Written by Andrea
October 4, 2009
At 6:30pm, on one of the last summery October evenings, the masses began to converge. In a little alleyway one block east of 7th and Q Streets, NW, right in historic Shaw, a group of young, energetic, recent-arrivals to Washington united their well-honed organizational skills behind local charities and a unique idea.
The concept was simple, said group leader Carrol Chang, and resident of the block. These former Obama campaigners and top-notch graduates from all over the country aimed to apply the same methods by which they raised surprisingly large sums for the campaign, but this time to benefit DC. Now officials in just about every agency, these motivated organizers got together over brunches and barbecues on weekends and evenings. After a particularly successful neighborhood summer barbecue, they agreed to incorporate as the Q Street Neighborhood Association, with the aim of a larger, charitably-oriented gathering. The next time, they would invite the neighborhood writ large—bringing the community out to party for a great cause. Actually, four of them.
As their invitation detailed, attendees could designate their donations to any one of four causes, or they could place them in the general pot for equal division between the four selected non-profits. In the end, KIPP DC Charter Schools, college-preparatory schools that gained fame for their success in New York City and, in part, by Malcolm Gladwell's nod in "Outlier," took the most donations.
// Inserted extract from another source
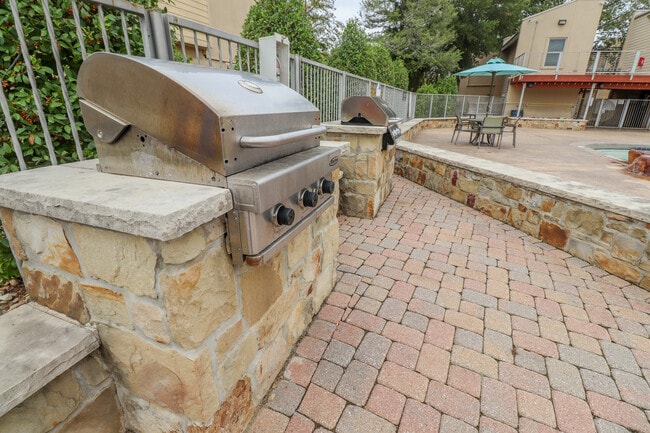 Photo - University View Denton (new)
The Leukemia and Lymphoma Society, the organization for which several of these peppy officials are also fundraising in another, even more athletic endeavor than keg-hauling— their preparation through Team in Training for upcoming local marathons—took second. DC's Young & Powerful Inaugural Mentorship Program at Dunbar High School just down the road and The Equity Project Charter School, with its unprecedented commitment to retaining quality teachers, rounded out the causes to which attendees contributed.
For their $20 donations, party-goers said goodbye to summer with beer pong, a flip cup tournament, horseshoes, pumpkin carving, face painting, and temporary tattoos. They nibbled on freshly popped popcorn and hot-off-the-machine cotton candy to accompany their bottomless cups. And they got down. Local DJs Travis Skinner, Ty Moore, Chris Vaeth aka DJ Whitecastle, and birthday boy Caben Chester spun grooving dance mixes late into the night with the approval and, indeed blessing, of neighbors.
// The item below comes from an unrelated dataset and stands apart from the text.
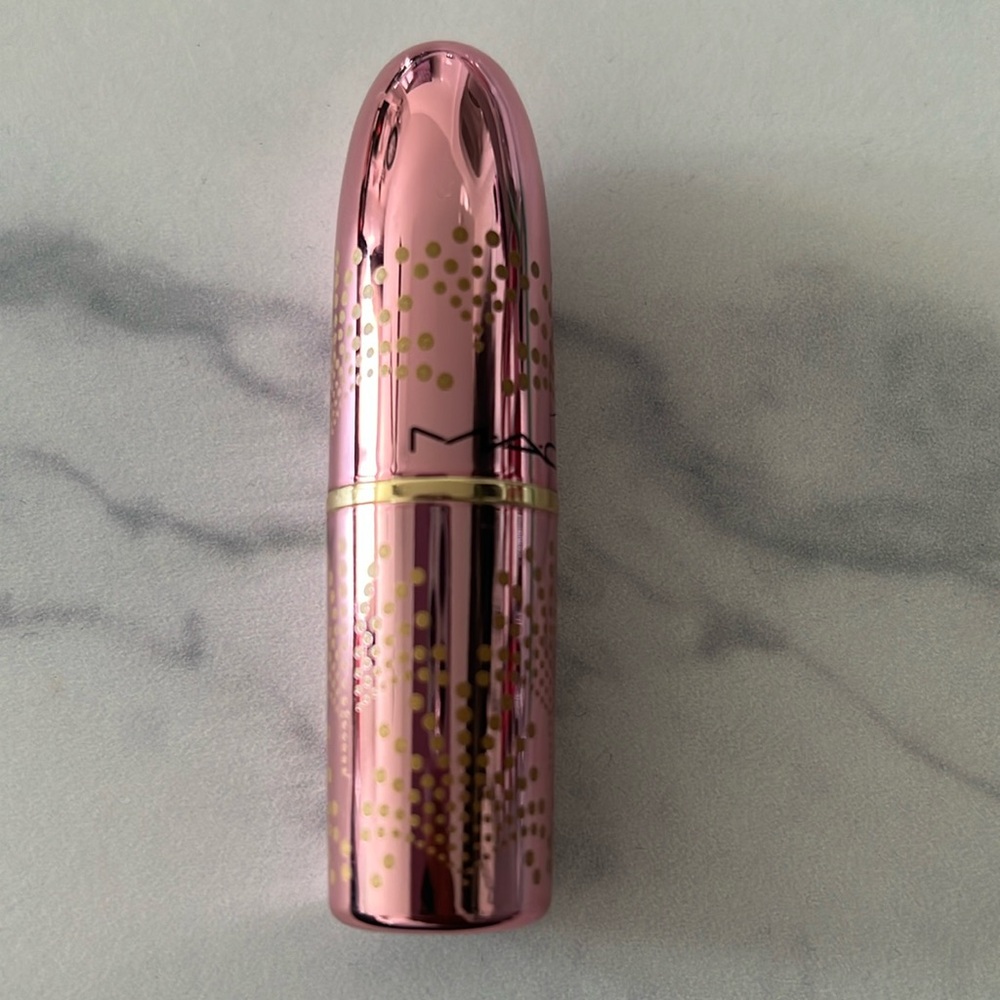 MAC Bubbles & Bows Lustreglass Sheer-Shine Lipstick “PUT A BOW ON IT” NEW no Box - Picture 2 of 5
This was no amateur house party. Coordinators had clearly done their homework—and legwork—canvassing the neighborhood to get residents on board in writing and working with local authorities, including the fire and police departments.
For all their running around—and apparently alley party permits are nothing like child's play—they were not disappointed. In fact, the organizers found themselves absolutely blown away by the positive response, the number of additional volunteers eager to leave their name at the entrance to serve a rotation manning some table or duty. "Considering the number of people involved, it was pretty amazing," remarked Chang, "that there were no disputes or problems."
As a veteran events-goer of venues both experienced in handling large crowds and less so, I had to tip my Greg's List DC Editor's hat to this group. Where other, much more "established" organizers have run out or broken down with last minute surges, this group handled the over 1,000 Facebook responses with grace. In the end, there was plenty of space, beer, and food for the almost precisely 1,000 attendees. In total, the party-goers consumed 26 kegs of beer and some 200 Ben's Chili Bowl half-smokes and 550 other dogs. They also chowed down 100 Julia's Empanadas, 100 rice krispy treats, assorted chips, and fun candy.
Both attendees and organizers were thrilled by the fruits of their own grassroots labor. Proving once again the power of small donations, the evening generated some $14,500 for the four charities.
Kudos to all those who "Fell for DC," in their individual ways. Greg's List DC will provide readers the inside scoop on any future FUN-raising by the same group. You'll all want to come out and play with these big kids. While they may all call themselves "transplants," this city welcomes them as contributing community members with open arms.